The groups hit back against recommendations for a compulsory conversion clause, saying the move would cost “thousands” of jobs
The Australian Industry Group (Ai Group) and the Australian Chamber of Commerce and Industry (ACCI) have expressed their opposition to a union push that would have severe ramifications for employers of casual workers.
An upcoming full bench hearing of the Fair Work Commission (FWC) will consider new clauses proposed by the Australian Council of Trade Unions (ACTU). These clauses call for all casual workers to be converted to fulltime employment after six months of regular work. A four-hour minimum engagement period for casuals has also been recommended.

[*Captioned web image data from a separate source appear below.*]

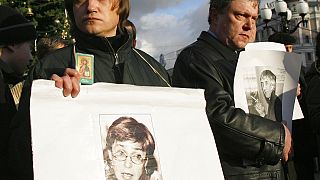 un manifestante tiene un ritratto di Anna Politkovskaya durante una manifestazione non autorizzata del 2006 per commemorare i giornalisti uccisi in Russia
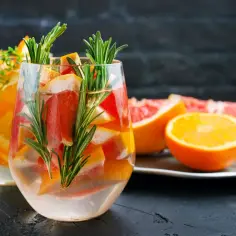 Orzeźwiający drink z grejpfrutem, pomarańczą i rozmarynem. Dwa szklane kieliszki wypełnione wodą, owocami i ziołami.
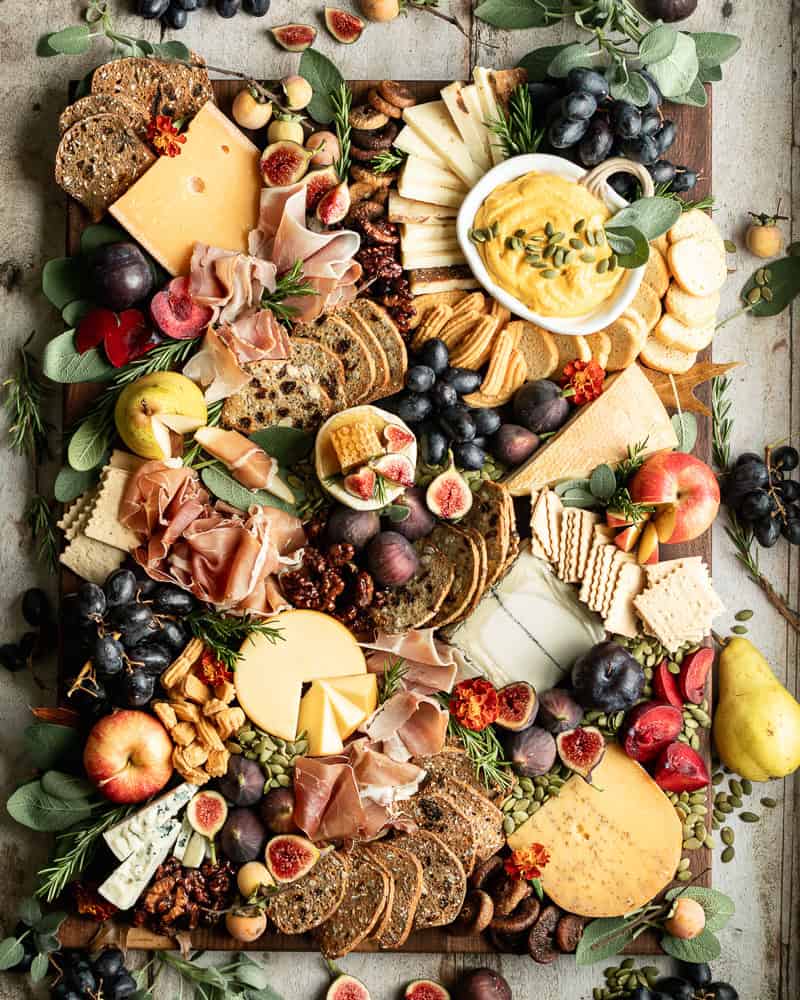 Charcuterie board with crackers, figs, apples, pears, and thyme from Wild Thistle Kitchen. 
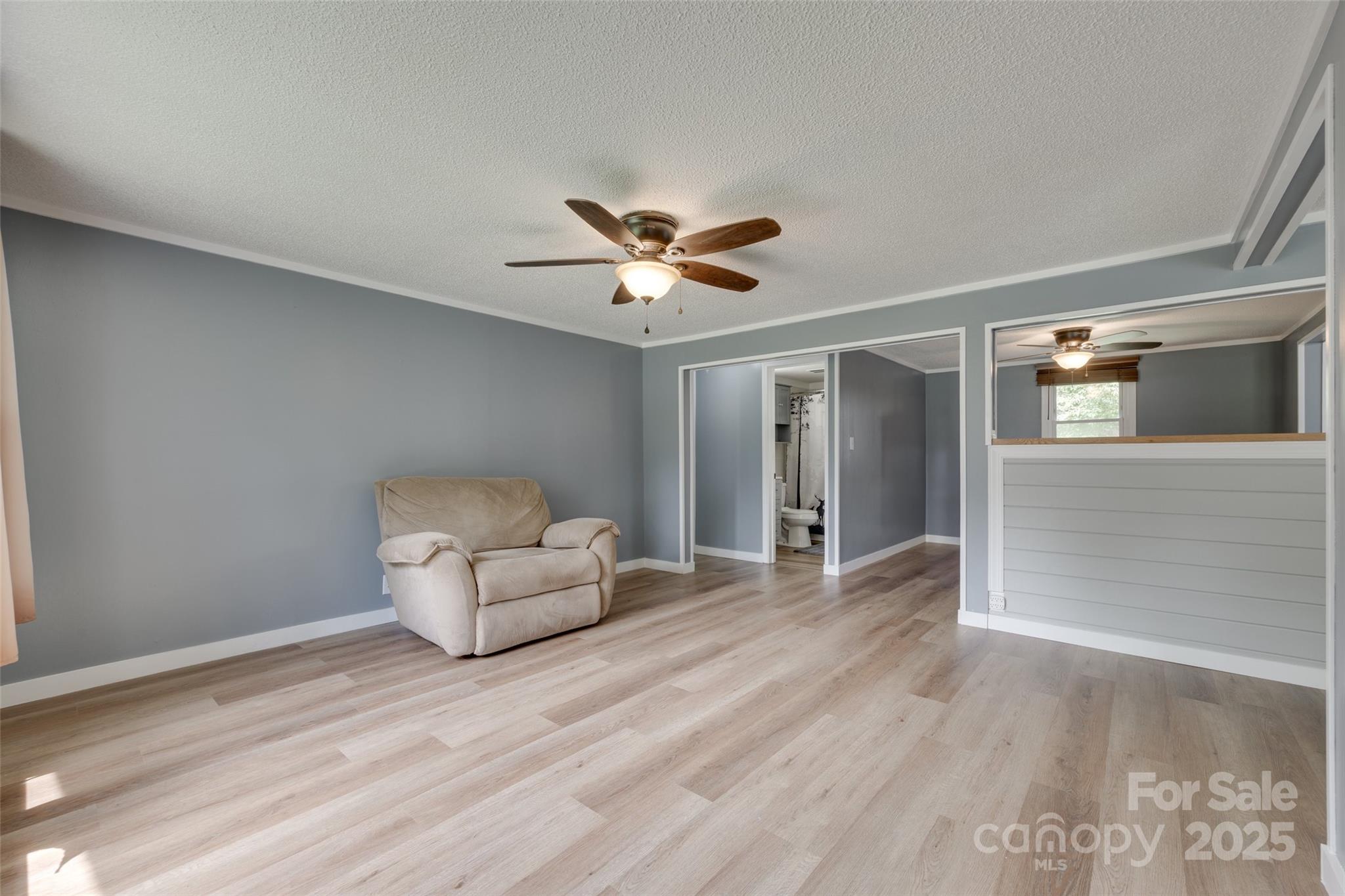 3083 State Rd S-11-54 Gaffney, SC 29340 - Photo 5 of 29 a view of an empty room with a ceiling fan and wooden floor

The hearing comes soon after a separate FWC decision which saw casual periods of service counted towards redundancy payouts in certain circumstances.
“It is in the interests of employers and casual employees that the unions’ claims be decisively rejected," said Innes Willox, chief executive of the Ai Group.

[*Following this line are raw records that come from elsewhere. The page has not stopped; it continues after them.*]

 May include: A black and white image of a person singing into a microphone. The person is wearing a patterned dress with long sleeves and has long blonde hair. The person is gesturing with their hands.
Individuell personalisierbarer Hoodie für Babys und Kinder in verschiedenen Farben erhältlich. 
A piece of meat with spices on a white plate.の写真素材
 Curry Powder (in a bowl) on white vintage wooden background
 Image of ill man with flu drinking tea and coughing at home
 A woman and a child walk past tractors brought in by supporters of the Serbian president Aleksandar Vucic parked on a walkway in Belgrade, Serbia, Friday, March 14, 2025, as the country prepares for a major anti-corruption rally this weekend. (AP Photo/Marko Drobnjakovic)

If the proposed conversion clauses were accepted, thousands of casual employees would be terminated, he said.
“If employers were forced to convert casuals after six months of regular employment, the predicable result would be that many employers would ensure that they do not employ casuals for more than six months, or they would outsource or offshore work.”
James Pearson, chief executive of the ACCI, put the number of fulltime jobs lost at 19,000.

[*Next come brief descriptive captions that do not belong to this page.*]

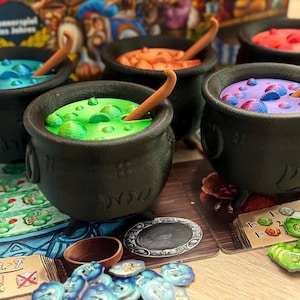 以下が含まれることがあります： カラフルな薬液が入った5つの黒い大釜が特徴のボードゲーム。各釜には青、緑、オレンジ、紫、赤など、異なる色の液体が入っており、木のスプーンが添えられています。ゲームの駒とカードが大釜の周りに散らばっています。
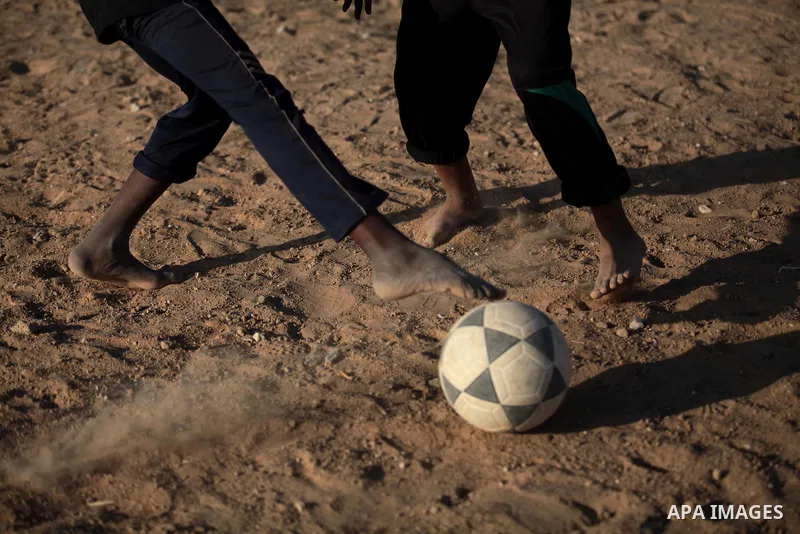 A photo taken on May 26, 2014, shows Palestinian children play football outside their homes, in Deir al-Balah in the central of Gaza Strip. Palestinians share a billion or more people around the globe the feeling of anti...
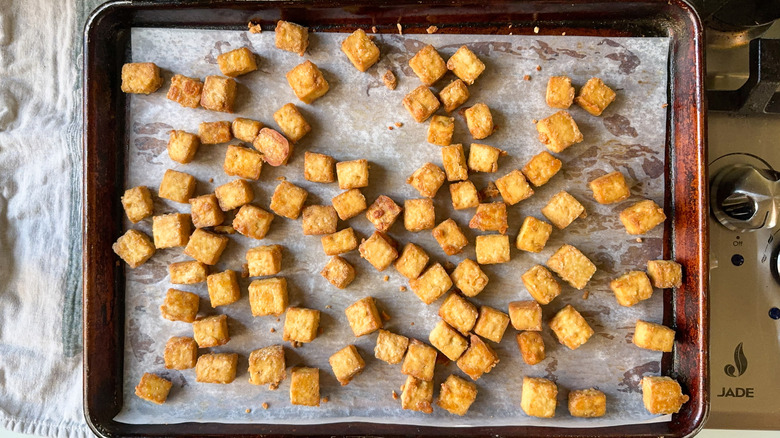 Crispy baked sesame tofu cubes on sheet pan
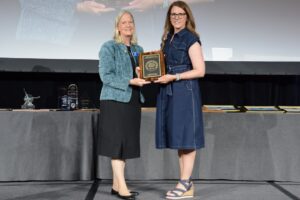 Dana Porter, professor with Texas A&M and president of ASABE (2023-2024), presenting an award to Lori Duncan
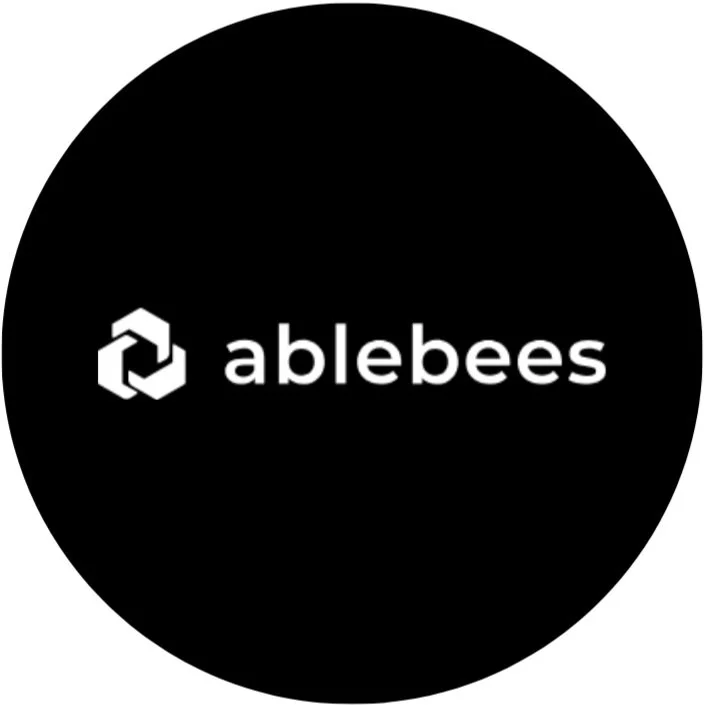 The Ablebees logo on a black circular background, featuring a geometric bee icon and the word 'ablebees'.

“If it succeeds, the union claim will cost the Australian economy $3.7b a year, and lead to 19,000 fewer full-time-equivalent jobs, according to modelling carried out for ACCI by a team led by professor Glenn Withers, an economist at the Australian National University,” he told The Australian.
Willox called the unions “naïve” if they thought employers would simply convert tens of thousands of casuals to fulltime work in the event the FWC approved these clauses.
He also criticised the proposed four-hour minimum engagement period, calling it “ill-conceived” and harmful to workers.
“Many casuals cannot or do not want to work for four hours, eg school students who work in the fast food industry after school,” he said.
“A four-hour minimum engagement period would be crippling for the aged care and community services industries which provide in-home services for the elderly and sick, and people with disabilities.”
Finally, he slammed the “bogus claims” allegedly spread by the unions about the “casualisation” of the Australian workforce.
“ABS statistics show that the level of casual employment in Australia is the same today as it was in 1998 – about 20% of the workforce. The level of casual employment in Australia has been around 20% for 18 years, with no sign of the level increasing.”